Based on these two experiments, Dr. Uitto determined that the cause of the mineralization seen in these mice is not specific to the skin tissue, but is related to the metabolism of the KO mouse. After a piece of skin is grafted from one animal to another, the skin is supplied by new blood vessels from the recipient mouse instead of the blood from the donor mouse. Because the skin grafts receive blood from the recipient mice, Dr. Uitto determined that it must be something in the blood of the recipient mice that either prevents or reverses the mineralization. 

These experiments show that something circulating in the bloodstream, called a metabolite (a byproduct of metabolism), is important to the mineralization seen in PXE. While Dr.
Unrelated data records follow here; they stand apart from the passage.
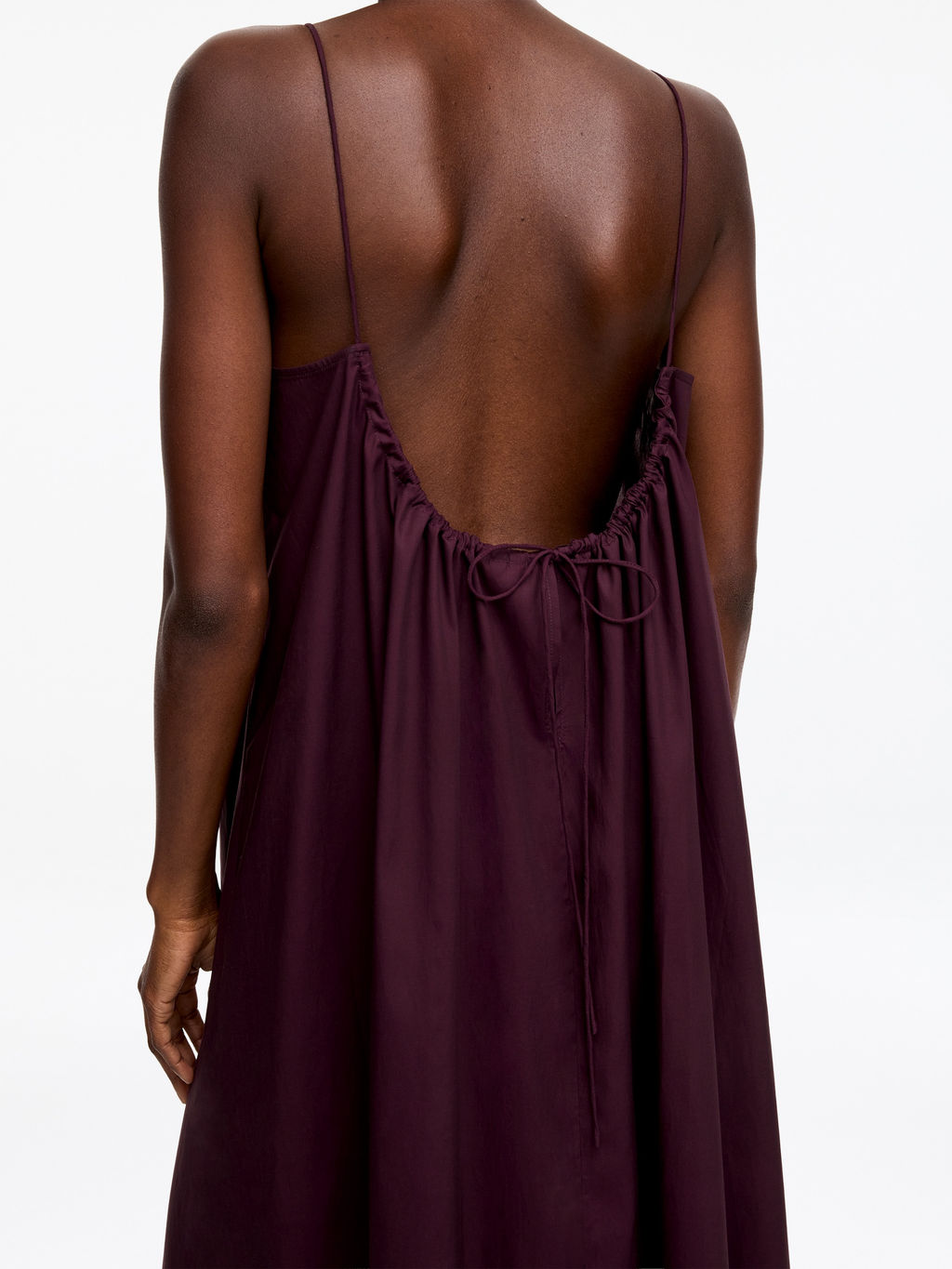 Vestido de playa de algod?n y lyocell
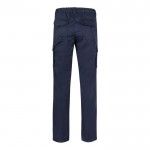 Pantalón de trabajo unisex con bolsillos 290 g/m2 color azul marino segunda vista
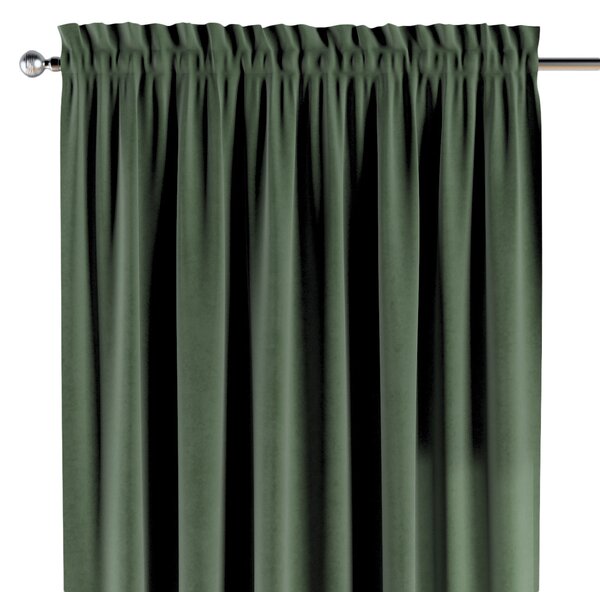 Slot and frill curtains
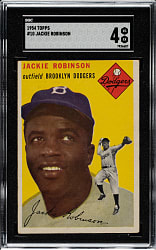 1954 Topps #10 Jackie Robinson SGC VG/EX 4
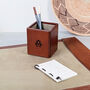 Monogram Leather Desk Set, Retirement Gift, thumbnail 3 of 11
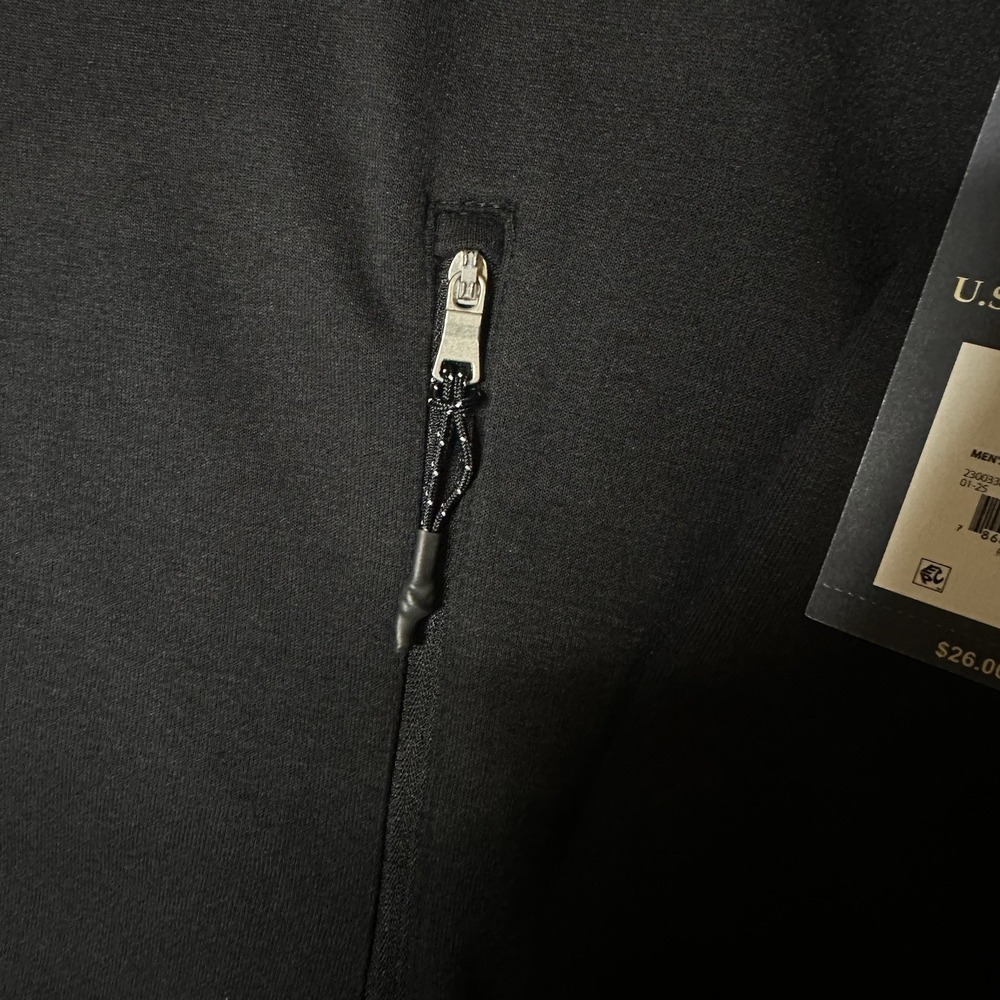 U.S. Polo Assn. Men Fleece Full Zip Hoodie with Big Pony 2xl full zipper pockets - Picture 6 of 11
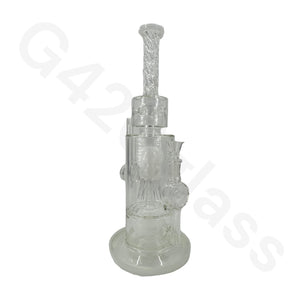 13 Inch Heavy Duty Jelly Fish Water Pipe Mini Bubbler Glass Bongs Oil Rigs
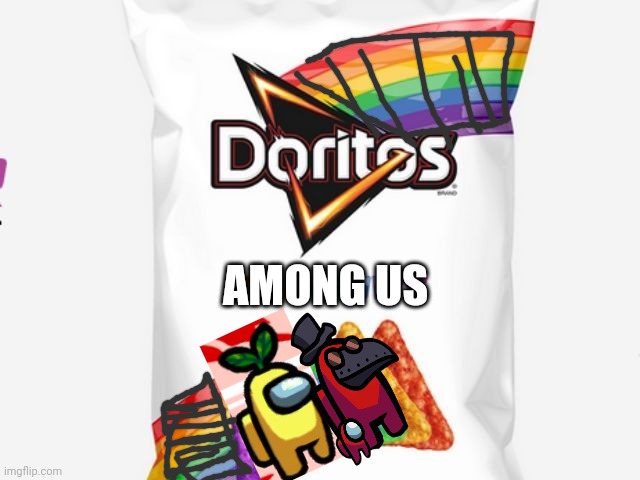 Doritos New Bag | AMONG US | image tagged in doritos new bag | made w/ Imgflip meme maker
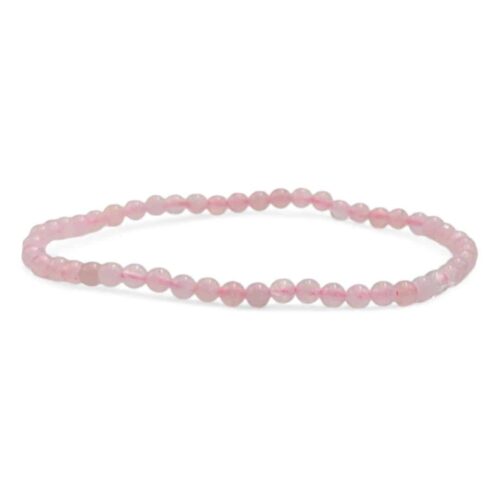 bracelet quartz rose 4 mm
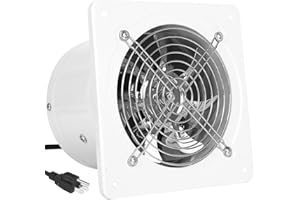 Fepinc Exhaust Fan with Plug, 8 inch 735CFM Through-the-Wall Extractor Exhaust with Light Weight Pure Copper Motor, Ventilati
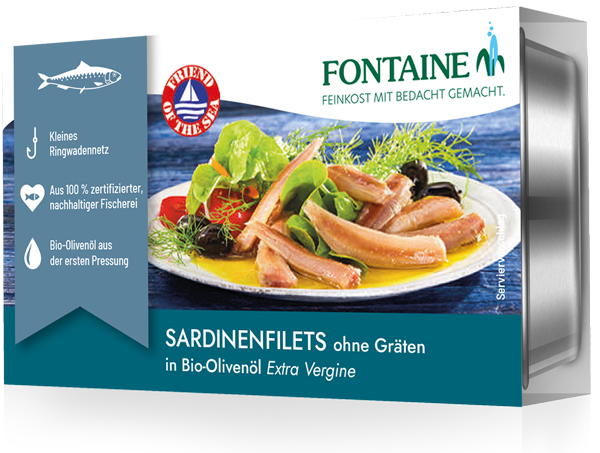 Sardinenfilets in Bio-Olivenöl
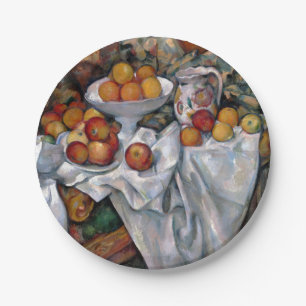 Still Life Oranges - Paul Cezanne Painting Art Paper Plate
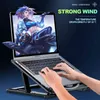 Up to 17 Inch Cooler Dual Fan Led Light Type-C Port 6 Angle Adjustable Cooling Pad Notebook Stand Laptop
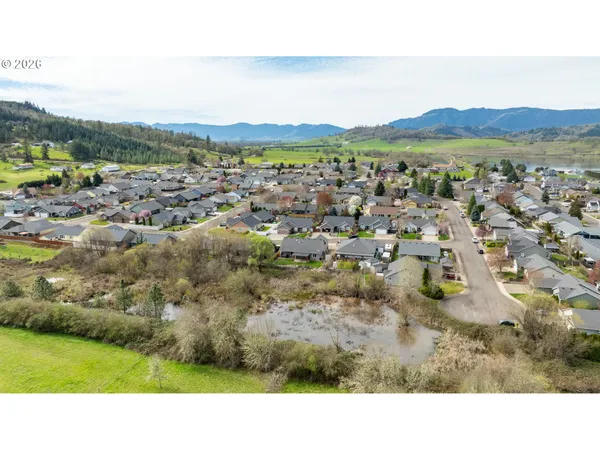 a view of city and mountain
Uitto and his research group have not yet identified the actual metabolite(s) that is involved, these experiments are strong evidence that PXE is a metabolic disease involving the whole body and not a specific problem with the tissue of the skin, eyes, and arteries. This research is very exciting because understanding the cause of the mineralization seen in PXE is an important step towards trying to find a treatment and cure. 

Defining the Terms

ABCC6 Knockout Mouse: a mouse that does not have a functioning copy of the ABCC6 gene because the gene has been deleted or mutated.

Wild Type Mouse: a mouse with a non-mutated copy of the ABCC6 gene that functions normally. 

ABCC6 gene: the piece of genetic material (DNA) that is responsible for making the ABCC6 protein. Mutations in this piece of DNA lead to the symptoms of PXE.

Muzzle: the area around the nose and mouth of an animal. 

Skin Graft: the surgical removal of a piece of skin and its movement to another location.

Metabolite: a molecule or chemical that can be found in the blood stream.

Metabolism: the chemical reactions that occur in the body, mostly in the liver, that help create or break down molecules and transport them throughout the body.

Metabolic Disease: a disease that is caused by a problem with the chemical reactions in the body or he transportation of chemicals and molecules around the body.